Halloran is set to be sentenced Dec. 12 and faces up to 55 years behind bars. He was released on bail but will be subjected to home confinement with an electronic monitoring device.

Smith and former Queens Vice Chairman Vincent Tabone will begin their retrial January 5. The earlier mistrial allows Smith to seek re-election.

Assistant US Attorney Douglas Bloom said he believes Halloran lied through his teeth about being innocent during his six days on the witness stand, adding he thinks the jury also saw through the pol’s mistruths.
“Quite frankly, he engaged in perjury,” Bloom told Karas. “The jury clearly found that.

“He’s a lawyer. He’s someone who took multiple oaths to tell the truth to this court, and he broke that.”

The judge agreed, saying, “I was also very troubled with Mr. Halloran in terms of his candor.”

Most jurors declined comment. The jury foreman said, “The verdict speaks for itself.”

Following the verdict, Bloom said Halloran should be considered a flight risk because he no longer has major ties to New York. Karas then looked at Halloran and bluntly said, “It would be monumentally stupid for you to flee.”
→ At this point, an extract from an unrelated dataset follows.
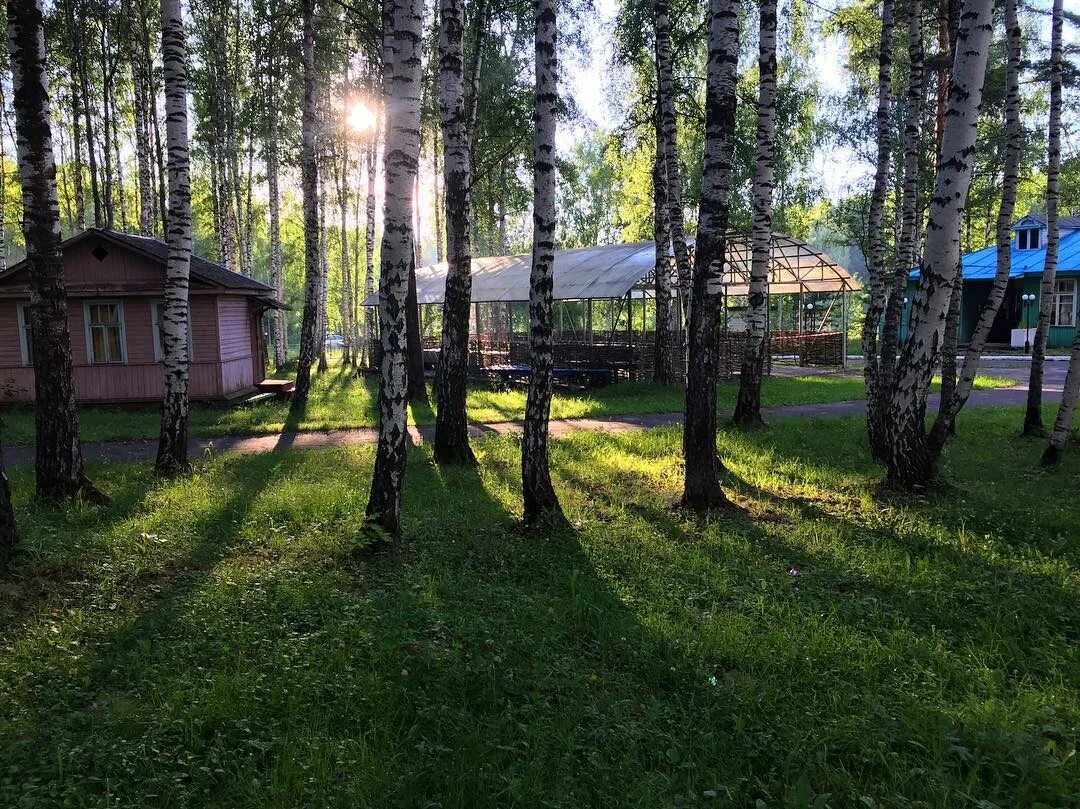 Березки павловский. Дом отдыха Березка Нижегородская область. Турбаза Березка Нижегородская область Павловский район. Чкаловский район база отдыха Березка. Турбаза Березка Нижегородская область Чкаловский район.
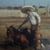 Modesto Reyes's profile image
To get the GOP line, Smith — one of the state’s top Democrats — would have needed the support of three of the five borough Republican committees. Queens and the Bronx were allegedly secured for the scheme through Tabone and Savino, respectively.

The jury agreed with the feds that Halloran pocketed $20,500 in cash bribes for masterminding cross-party negotiations to help fix the Republican mayoral primary for Smith.

Halloran was also convicted for pocketing $18,300 in cash bribes and $6,500 in straw-donor campaign donations for agreeing to steer $80,000 of council discretionary funding for his district to a company he believed was controlled by those who paid him the bribes.

Halloran initially headed to trial on June 2 with Smith and Tabone, but a mistrial was declared on June 17 following a prosecutorial screw-up. The feds had failed to timely turn over as evidence for more 90 hours of phone calls – some of which were in Yiddish and yet to be translated – and more than 3,100 text messages from a wire-wearing government witness, crooked Rockland County developer Moses Stern.

Halloran, however, opted to resume his trial solo a week later after his lawyer, Vinoo Varghese, argued his client was “teetering on bankruptcy” and could not afford another courtroom go-round.

Prosecutors also alleged Smith and Halloran plotted with Stern for another $40,000 in cash bribes to be paid to Tabone and Savino.

Tabone allegedly received $25,000, and Savino copped a plea in November to accepting a $15,000 bribe while alleging that Halloran instigated the scheme.

During the trial, Halloran admitted taking $10,000 in cash from an undercover FBI agent who he thought was a “shady” and “crooked” businessman.

Assistant US Attorney Douglas Bloom hammered Halloran over his relationship with the agent, known as “Raj,” who posed as a politically connected developer in meetings with Halloran and Smith.